Sure, it’s a good idea to say, “I love you” often, but “the act of showing matters, because we don’t say those three little words as often as we should,” says psychotherapist Barton Goldsmith, Ph.D., author of The Happy Couple. He recommends expressing yourself by doing little things like making coffee for them in the morning, warming up their car, or stocking the freezer with their favorite flavor of Halo Top. “A random act of kindness doesn’t take much, but it can make a big difference,” he says.
It’s so easy to fight about finances but talking about money—the right way—can actually help make your relationship stronger, Cilona says. “A couple that communicates their financial goals, and is willing to work together to achieve them, will likely have a deeper bond,” he adds. So, if you know you like doing your research before a big purchase but your partner is more impulsive, have that conversation before the car lease is up. Or, if you’re more interested in investing in travel than saving up for a vacation home, be up front about your preferences so you can find a common ground.
“My favorite piece of advice is the idea that every day we wake up and decide to feel affection towards our partner,” says psychotherapist Jennifer L. Silvershein, L.C.S.W. The idea behind this is simple, she says: Love is an active daily choice, and you have control over how you’re feeling. “When we wake up and the first thing we notice is a flaw in our partner, it will be hard to feel connected and in love for the rest of that day,” she says. “If we wake up and identify something we love or admire, that sets the tone.”
Every couple fights, but fighting in a way that moves the conversation forward and clearly explains why you’re feeling a certain way can make a difference. Silvershein recommends being specific about how your partner’s actions impact you. For example, “When you forget to text when you’ll be late, it makes me feel like you don’t care.” “When we begin shifting our language to share how our partner’s behavior makes us feel rather than just telling them what to do, I find that couples become more fluid and more aligned in their daily functioning,” she says.

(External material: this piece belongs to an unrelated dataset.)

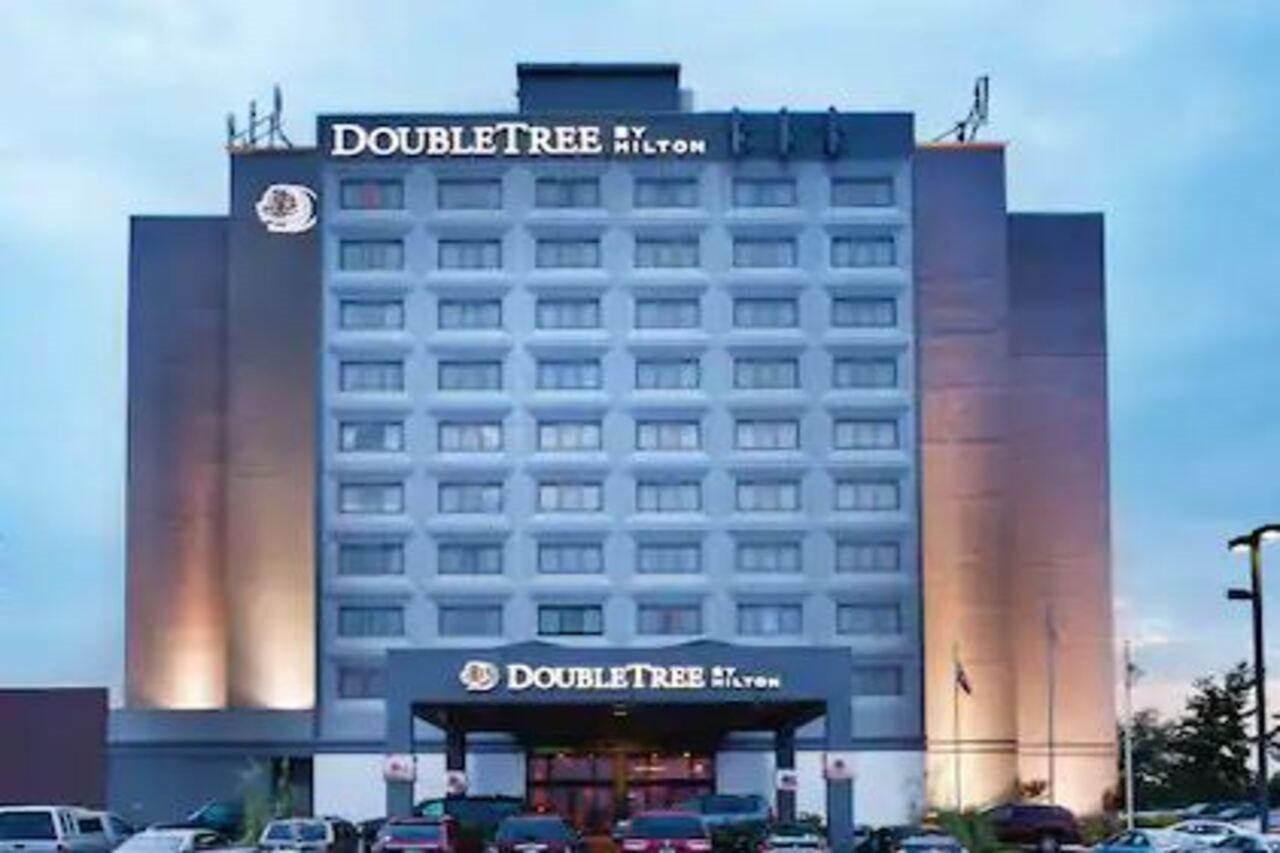 Doubletree By Hilton Springfield Hotel Exterior photo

Ask your friends for advice.
Sure, you and your partner have your own thing going on, and no one is perfect. But maybe you admire the way your couple-friends seem to navigate conflict or you really want to emulate the united front that your parents have always had. Whatever it is, talk to these people about how they’re able to achieve the aspects of their relationship that you admire, Cilona says. You don’t need to make a huge thing of it. Just say, “I really love how you and your partner seem to share responsibilities. How do you do that?” Then, if the advice seems good and doable for you? Talk to your partner about it.